Students outraged that college wouldn't cancel off-campus Back the Blue rally
- After an anonymous post, students began a campaign to stop a Back-the-Blue rally.
- Instagram accounts for student organizations advertised a petition titled “Safety for LGBTQ+ and POC members” in attempt to ban the event.
- Mount Holyoke defended rally, citing the First Amendment.
Students tried to pressure the administration at Mount Holyoke College to ban a pro-Trump, Back the Blue demonstration across the street from the Massachussetts campus.
The rally was hosted by local correctional officers and Pioneer Valley Massachusetts for Trump 2020 on Sept. 7 at the Village Commons in South Hadley, Massachusetts, which is across the street from the college.
“I know that most students aren’t on campus, but there’s a ‘Back the Blue’ (pro-police) and pro-Trump standout at the village commons in South Hadley this weekend,” it read. “It’s right across the street from campus. I’m only reaching out because I hope student pressure on admin can create a response from the college.”
Students immediately took action, planning counter-protests in the comment section.

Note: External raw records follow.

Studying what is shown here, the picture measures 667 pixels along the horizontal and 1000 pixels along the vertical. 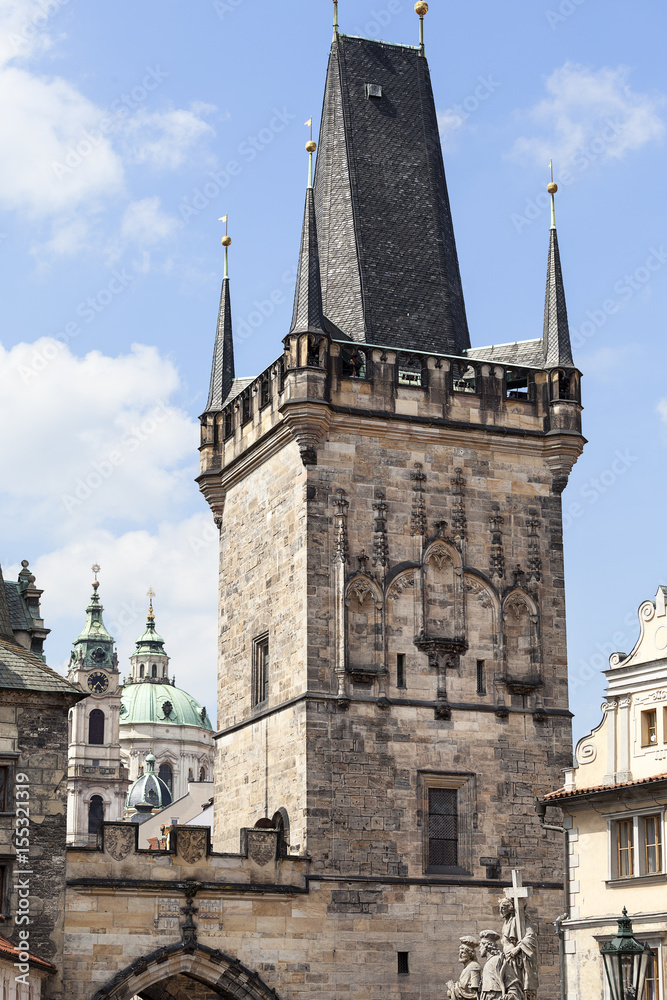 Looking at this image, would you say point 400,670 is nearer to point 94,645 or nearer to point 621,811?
point 621,811

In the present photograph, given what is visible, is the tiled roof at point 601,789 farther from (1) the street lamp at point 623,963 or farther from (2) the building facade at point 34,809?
(1) the street lamp at point 623,963

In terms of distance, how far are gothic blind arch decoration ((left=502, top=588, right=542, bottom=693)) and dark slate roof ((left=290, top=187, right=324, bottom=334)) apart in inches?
250

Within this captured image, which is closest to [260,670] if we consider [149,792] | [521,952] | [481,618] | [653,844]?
[481,618]

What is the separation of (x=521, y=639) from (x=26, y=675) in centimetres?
961

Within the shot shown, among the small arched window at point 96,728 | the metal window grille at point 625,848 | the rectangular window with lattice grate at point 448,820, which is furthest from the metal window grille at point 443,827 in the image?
the small arched window at point 96,728

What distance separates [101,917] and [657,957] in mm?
9158

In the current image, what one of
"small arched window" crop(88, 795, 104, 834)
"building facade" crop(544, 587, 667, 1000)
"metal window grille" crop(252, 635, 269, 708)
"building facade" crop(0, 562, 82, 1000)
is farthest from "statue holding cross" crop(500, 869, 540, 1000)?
"small arched window" crop(88, 795, 104, 834)

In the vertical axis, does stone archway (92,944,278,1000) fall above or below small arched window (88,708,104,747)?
below

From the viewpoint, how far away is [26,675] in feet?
93.8

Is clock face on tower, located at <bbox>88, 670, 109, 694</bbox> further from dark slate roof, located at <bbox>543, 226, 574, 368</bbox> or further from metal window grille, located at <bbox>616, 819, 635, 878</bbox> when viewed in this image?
metal window grille, located at <bbox>616, 819, 635, 878</bbox>

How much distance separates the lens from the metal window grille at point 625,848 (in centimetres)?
2680

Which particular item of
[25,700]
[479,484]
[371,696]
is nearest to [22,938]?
[25,700]

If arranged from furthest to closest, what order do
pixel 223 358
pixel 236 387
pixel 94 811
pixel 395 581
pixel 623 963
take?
pixel 94 811, pixel 223 358, pixel 236 387, pixel 395 581, pixel 623 963

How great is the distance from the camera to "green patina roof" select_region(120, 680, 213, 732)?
138875 mm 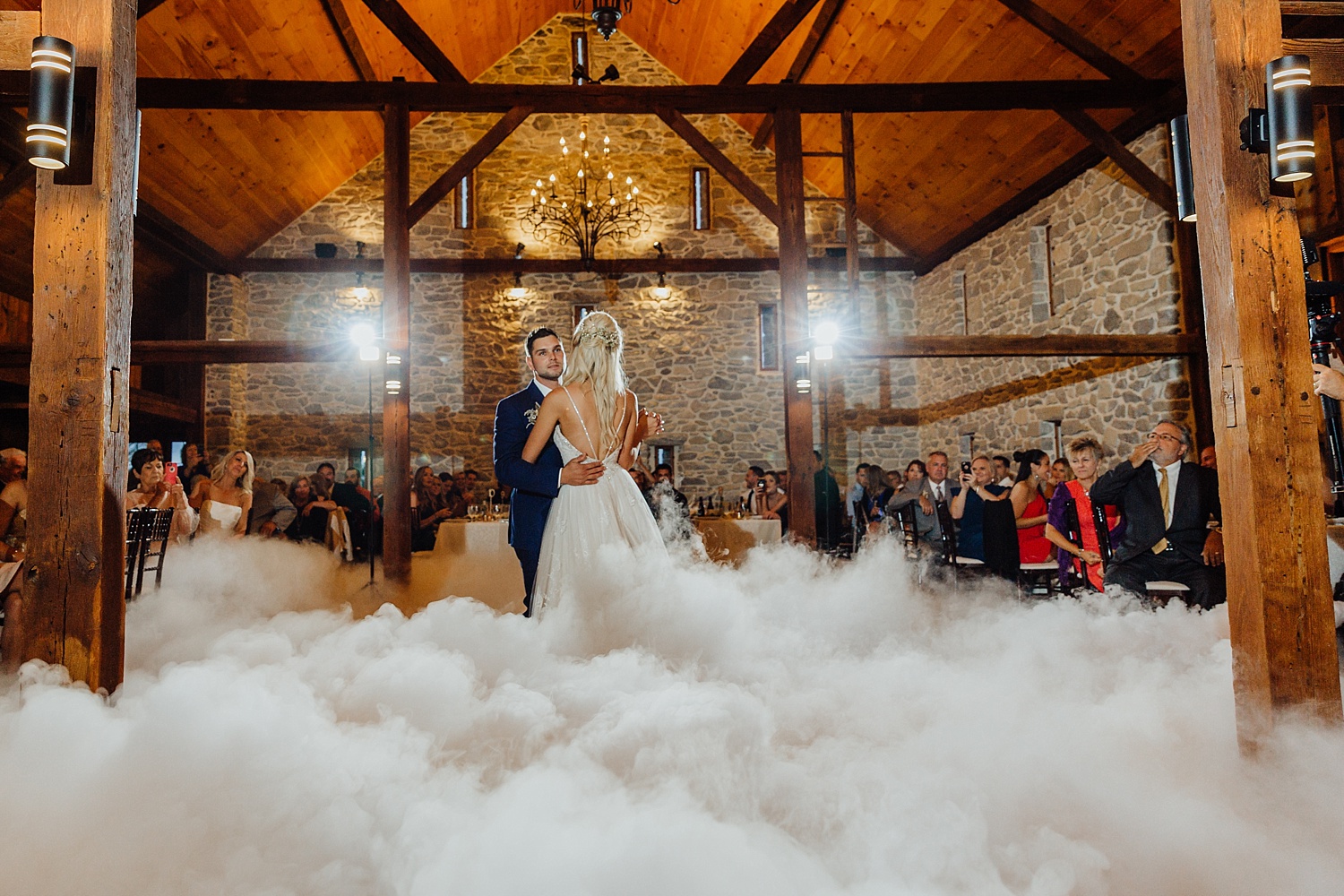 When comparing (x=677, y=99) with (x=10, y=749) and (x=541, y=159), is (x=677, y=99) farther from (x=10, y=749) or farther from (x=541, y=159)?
(x=10, y=749)

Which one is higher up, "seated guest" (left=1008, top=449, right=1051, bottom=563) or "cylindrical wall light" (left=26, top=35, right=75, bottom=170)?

However, since the majority of students aren’t on campus due to the coronavirus pandemic, multiple organizations created a "Petition against 'Back the Blue' Rally" titled “Safety for LGBTQ+ and POC members.”

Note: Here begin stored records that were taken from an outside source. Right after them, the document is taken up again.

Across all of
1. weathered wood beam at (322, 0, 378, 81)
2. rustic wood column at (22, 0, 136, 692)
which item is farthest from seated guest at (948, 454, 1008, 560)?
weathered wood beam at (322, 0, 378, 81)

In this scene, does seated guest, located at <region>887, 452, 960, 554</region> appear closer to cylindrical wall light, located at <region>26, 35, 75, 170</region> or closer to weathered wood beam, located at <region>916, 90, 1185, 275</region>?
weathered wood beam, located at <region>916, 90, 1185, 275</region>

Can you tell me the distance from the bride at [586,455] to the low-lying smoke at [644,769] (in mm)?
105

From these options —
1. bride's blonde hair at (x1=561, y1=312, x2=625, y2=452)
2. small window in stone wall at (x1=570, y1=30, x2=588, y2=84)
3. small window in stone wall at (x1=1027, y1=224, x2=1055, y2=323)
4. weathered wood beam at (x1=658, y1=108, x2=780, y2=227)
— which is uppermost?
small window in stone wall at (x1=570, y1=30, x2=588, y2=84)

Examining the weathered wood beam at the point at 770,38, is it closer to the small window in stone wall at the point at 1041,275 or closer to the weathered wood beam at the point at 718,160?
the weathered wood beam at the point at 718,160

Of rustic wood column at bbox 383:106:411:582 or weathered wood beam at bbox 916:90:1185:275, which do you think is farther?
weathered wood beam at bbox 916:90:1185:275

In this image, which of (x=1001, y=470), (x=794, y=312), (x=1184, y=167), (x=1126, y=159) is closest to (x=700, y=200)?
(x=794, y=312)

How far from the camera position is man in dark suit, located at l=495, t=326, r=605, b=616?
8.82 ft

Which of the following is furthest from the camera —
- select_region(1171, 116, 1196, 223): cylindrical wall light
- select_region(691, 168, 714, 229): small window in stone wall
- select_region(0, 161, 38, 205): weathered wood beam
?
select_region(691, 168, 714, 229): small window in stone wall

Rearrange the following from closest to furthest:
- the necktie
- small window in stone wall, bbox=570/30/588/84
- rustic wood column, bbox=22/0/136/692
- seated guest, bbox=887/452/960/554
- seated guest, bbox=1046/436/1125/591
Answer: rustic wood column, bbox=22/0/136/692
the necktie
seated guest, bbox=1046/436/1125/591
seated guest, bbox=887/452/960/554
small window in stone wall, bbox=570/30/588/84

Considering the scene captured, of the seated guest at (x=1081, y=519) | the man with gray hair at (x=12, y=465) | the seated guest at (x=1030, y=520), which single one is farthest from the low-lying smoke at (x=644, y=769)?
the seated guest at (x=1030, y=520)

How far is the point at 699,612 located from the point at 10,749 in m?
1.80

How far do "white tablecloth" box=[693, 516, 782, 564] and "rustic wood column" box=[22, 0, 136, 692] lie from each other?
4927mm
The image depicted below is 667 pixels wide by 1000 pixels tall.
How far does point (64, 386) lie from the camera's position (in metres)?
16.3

Various campus organizations signed the petition, including Black at Mount Holyoke and the BIPOC at Mount Holyoke Instagram account,.

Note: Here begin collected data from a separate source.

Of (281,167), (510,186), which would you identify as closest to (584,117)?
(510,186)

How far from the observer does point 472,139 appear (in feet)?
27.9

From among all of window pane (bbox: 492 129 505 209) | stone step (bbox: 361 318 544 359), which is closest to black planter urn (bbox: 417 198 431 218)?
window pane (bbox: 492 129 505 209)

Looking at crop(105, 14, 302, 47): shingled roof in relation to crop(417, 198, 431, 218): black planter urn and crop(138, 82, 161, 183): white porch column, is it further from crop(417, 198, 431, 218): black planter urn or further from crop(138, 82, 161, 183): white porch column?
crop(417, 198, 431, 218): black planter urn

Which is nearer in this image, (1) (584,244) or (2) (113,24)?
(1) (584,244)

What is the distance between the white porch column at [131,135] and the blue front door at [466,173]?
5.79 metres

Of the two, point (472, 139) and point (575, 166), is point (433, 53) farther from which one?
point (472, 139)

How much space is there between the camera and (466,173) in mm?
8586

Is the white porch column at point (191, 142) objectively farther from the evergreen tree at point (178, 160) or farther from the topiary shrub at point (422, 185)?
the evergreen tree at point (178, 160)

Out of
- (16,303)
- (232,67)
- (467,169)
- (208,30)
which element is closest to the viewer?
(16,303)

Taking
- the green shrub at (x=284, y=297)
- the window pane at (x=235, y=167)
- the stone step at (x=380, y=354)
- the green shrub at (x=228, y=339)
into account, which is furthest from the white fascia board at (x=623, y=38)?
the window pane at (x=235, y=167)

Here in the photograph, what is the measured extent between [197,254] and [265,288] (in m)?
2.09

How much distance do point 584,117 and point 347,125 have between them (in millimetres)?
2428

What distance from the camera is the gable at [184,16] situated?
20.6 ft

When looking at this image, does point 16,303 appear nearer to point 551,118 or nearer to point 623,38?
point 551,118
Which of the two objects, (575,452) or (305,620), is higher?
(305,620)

The petition garnered more than 1,600 signatures.
“This is outrageous and we demand a response from the administration of Mount Holyoke,” the petition stated. “By maintaining silence about the upcoming events, the school is encouraging a gathering of people who could threaten our community’s safety.”
“Although Mount Holyoke is a space that encourages the opinions of all students to be shared, they should not tolerate the sharing of harmful rhetoric,” it continued. “The implication of the stance held by the ‘Back the Blue’ rally is in direct opposition to the Black Lives Matter movement and the safety of all POC groups and LGBTQ+ community.”
“This goes against the inclusive and progressive message of Mount Holyoke as an institution and a community,” it went on.
In a statement to Campus Reform, Sophia Erivbieta, a freshman at MHC, felt that the school wasn’t living up to its promises.
“The school promised to work on racism and inclusivity in the newsletter they sent recently but are going directly against that by allowing this rally to happen,” she said. “I feel like if the school cares about people of color and the LGBT+ community like they said they do, they would not allow a rally that could threaten the safety of those groups of people to happen.”
Meghan, another student at MHC who asked Campus Reform not to use her last name, wasn’t pleased to see the petition.
“If people want to gather in a safe manner for a cause that brings them together, who are Black at MHC to tell them they can’t?” she said. “Police have been targeted this year too, whether Black at MHC want to recognize it or not. The Black at MHC organization wouldn’t appreciate it if people wanted to shut down a campus BLM protest in the way they’re calling for now, so why is this petition justified?”
Mount Holyoke College Republicans President Sandra Scarlatoiu criticized the claim that the event would harm the safety of the campus community since barely anyone is at MHC.
“Cops place their lives on the line every day to help others,” she said. “No one is asking them to do it. And considering all the chaos and harmful rhetoric that has been spread around about the police, it’s important that we stand up for them.”
In a school-wide letter Sept. 5, MHC President Sonya Stephens admitted that the college had no power to stop the rally, citing the First Amendment as one of the main reasons.
“Participants will gather on the public area around the gazebo, which is not owned by the College,” Stephens wrote.
“The right to peaceful assembly, and indeed to free speech, are protected in the First Amendment, and together with the freedoms of association, petition and the press are what we understand more broadly as freedom of expression,” she continued. “To defend free speech is to defend the most fundamental and most important of human freedoms, even when, as the ACLU article makes explicit, some views expressed “are antithetical to the very freedom the First Amendment stands for,” otherwise “no one's liberty will be secure. In that sense, all First Amendment rights are ‘indivisible.’”
“The College cannot, then, prevent an assembly from being held on town property in proximity to the campus,” Stephens concluded.
Black at Mount Holyoke wasn’t happy with Stephens’ defense.
“This response from the institution negates the Anti-Racism plan, which was released only days ago, because rather than taking the next step to ensure that the students who are staying on campus are safe, they simply say that nothing can be done about the rally,” the group said.
This isn’t the first clash with the police for Mount Holyoke students.
As previously reported by Campus Reform, former MHC Police Chief Daniel Hect was put on administrative leave after students discovered that he was a Trump supporter. In another instance, students planned to protest a Police Academy Graduation occurring on campus.
Campus Reform reached out to Mount Holyoke for comment but did not receive a response in time for publication.